- ABOUT THIS EXERCISE
Task for the records below: copy exactly, and only, the line containing "Canadian Army Mosquito Net" and every line after it to the end, with pictures left out.

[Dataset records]
• • • • • • •

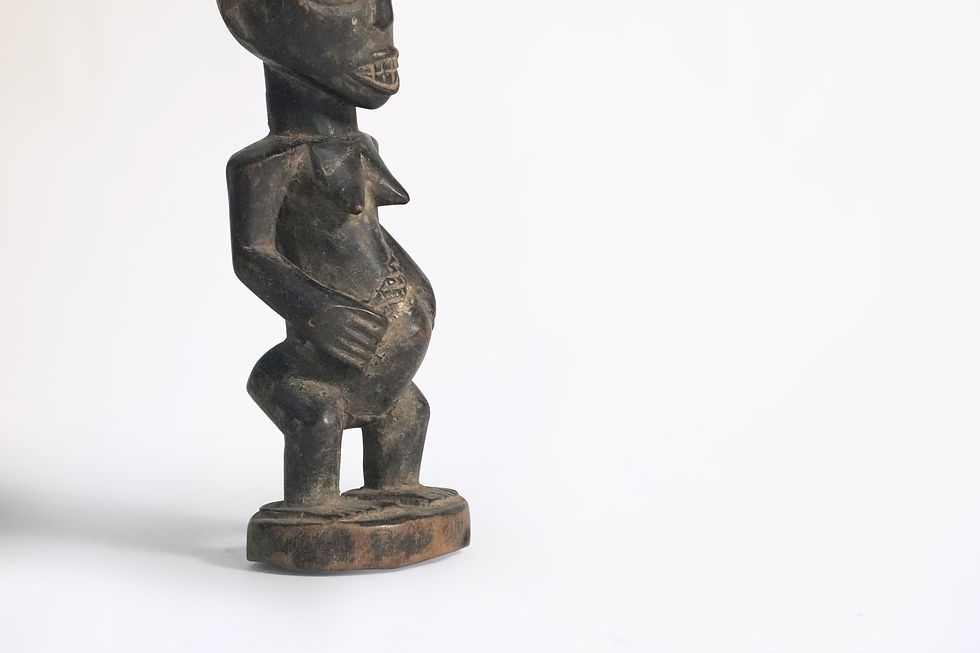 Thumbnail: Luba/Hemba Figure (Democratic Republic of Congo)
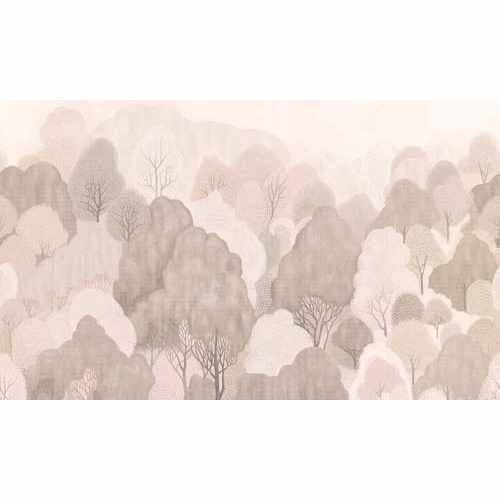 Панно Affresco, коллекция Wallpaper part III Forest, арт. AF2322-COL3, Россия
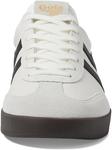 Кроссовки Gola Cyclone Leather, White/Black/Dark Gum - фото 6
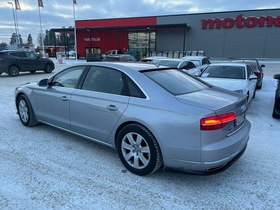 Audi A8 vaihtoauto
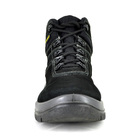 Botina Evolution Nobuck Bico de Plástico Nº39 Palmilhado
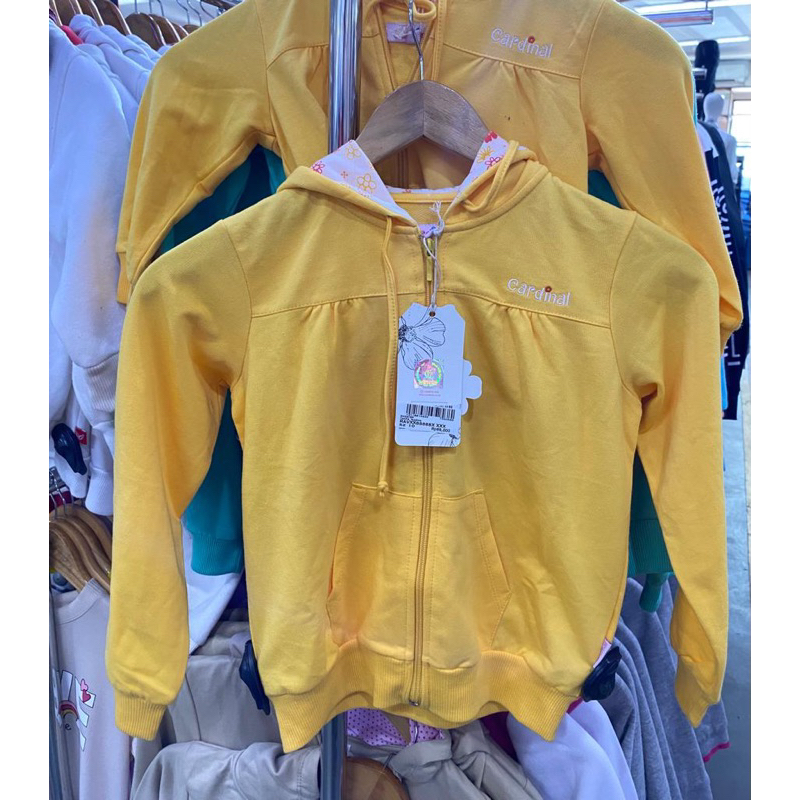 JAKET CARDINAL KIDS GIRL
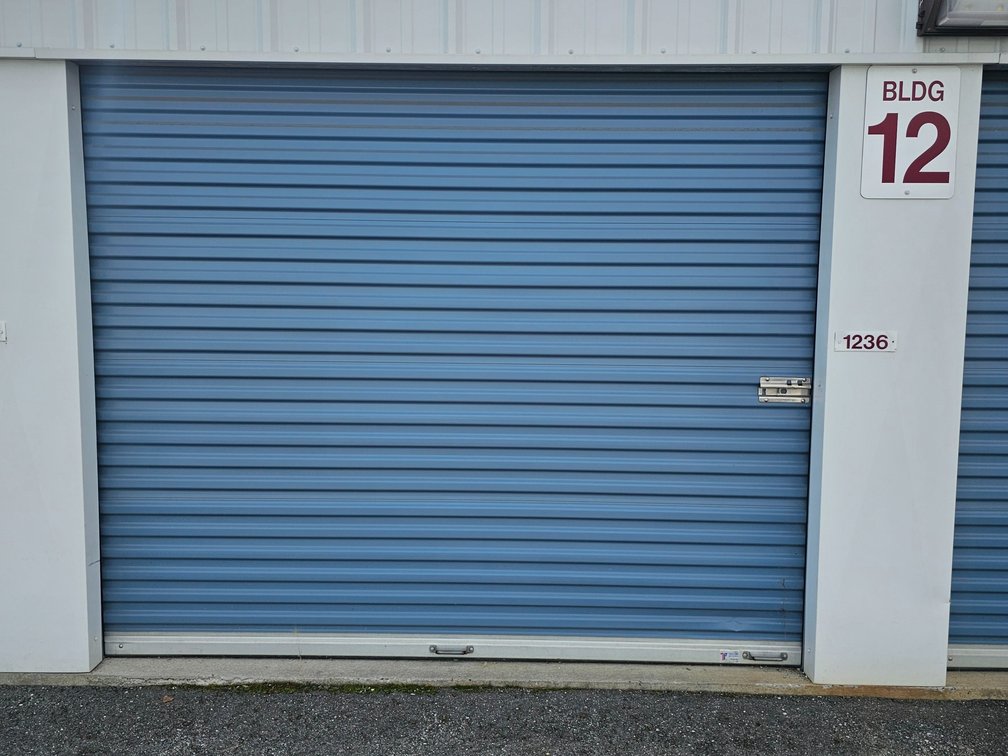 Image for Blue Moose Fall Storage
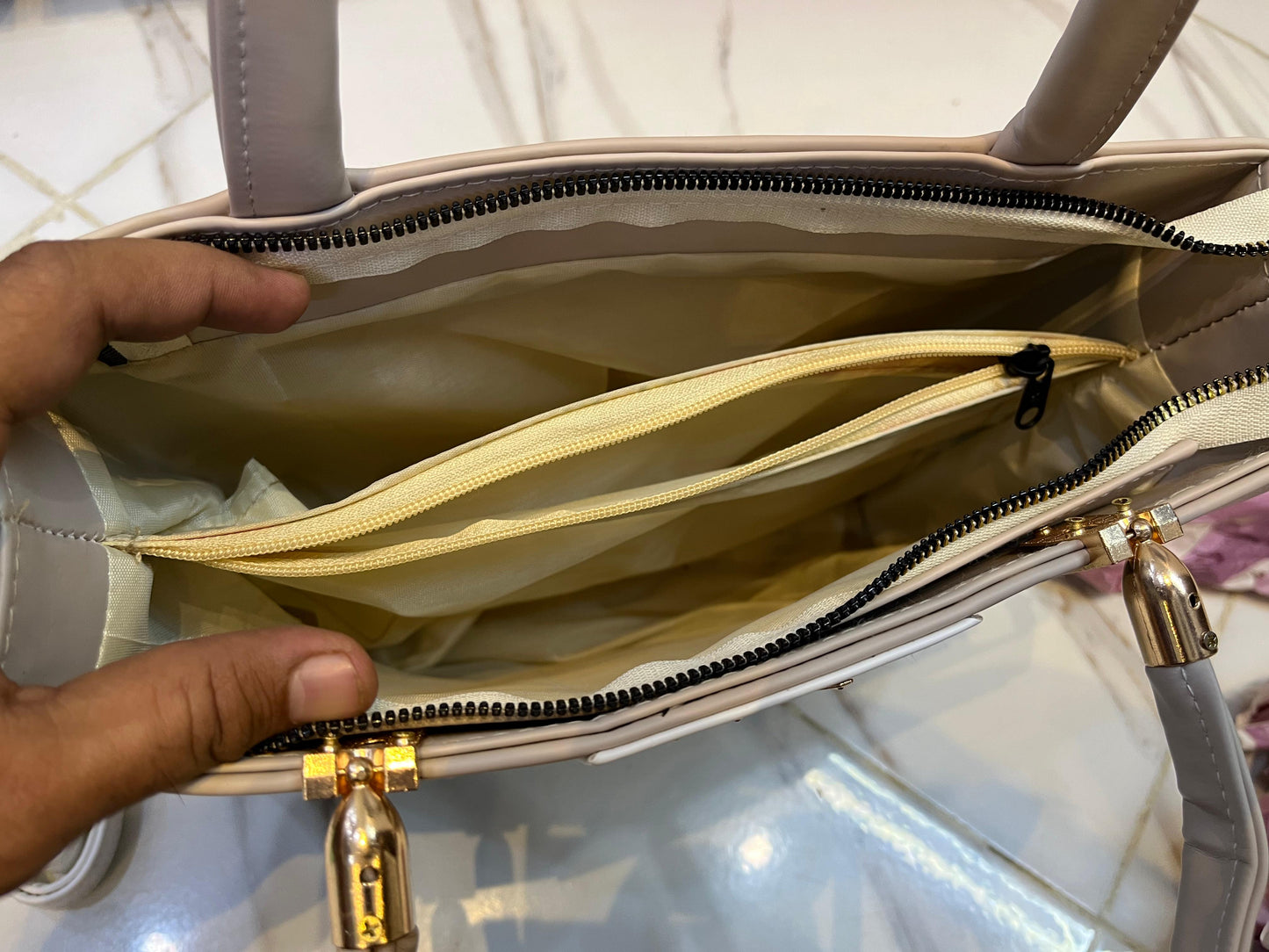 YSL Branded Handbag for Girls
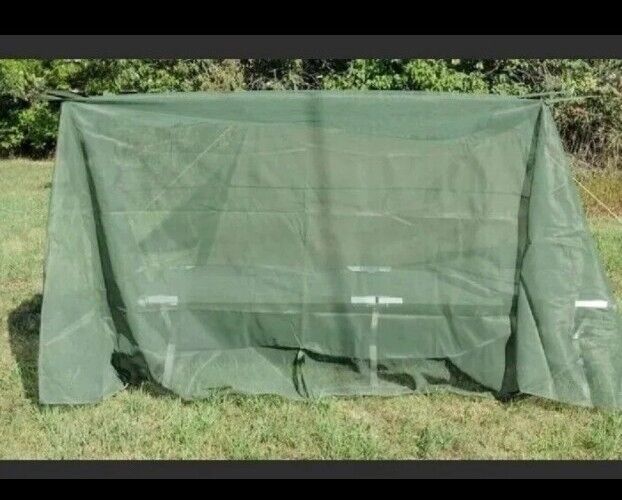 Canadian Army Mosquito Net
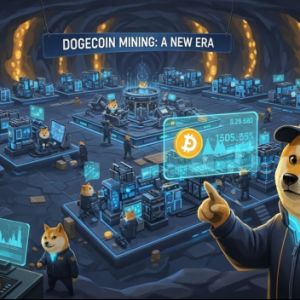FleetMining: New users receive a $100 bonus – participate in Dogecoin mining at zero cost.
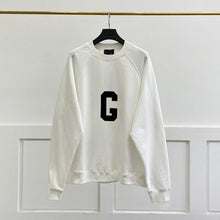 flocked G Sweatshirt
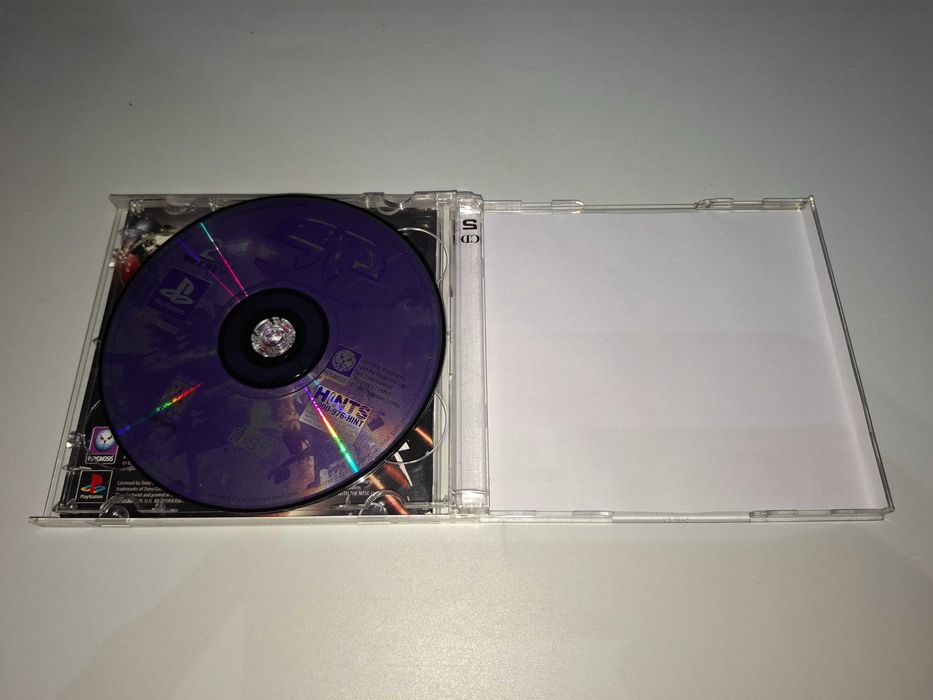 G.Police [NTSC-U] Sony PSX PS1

• • • • • • •

- TASK ANSWER
 Canadian Army Mosquito Net
FleetMining: New users receive a $100 bonus – participate in Dogecoin mining at zero cost.
 flocked G Sweatshirt
 G.Police [NTSC-U] Sony PSX PS1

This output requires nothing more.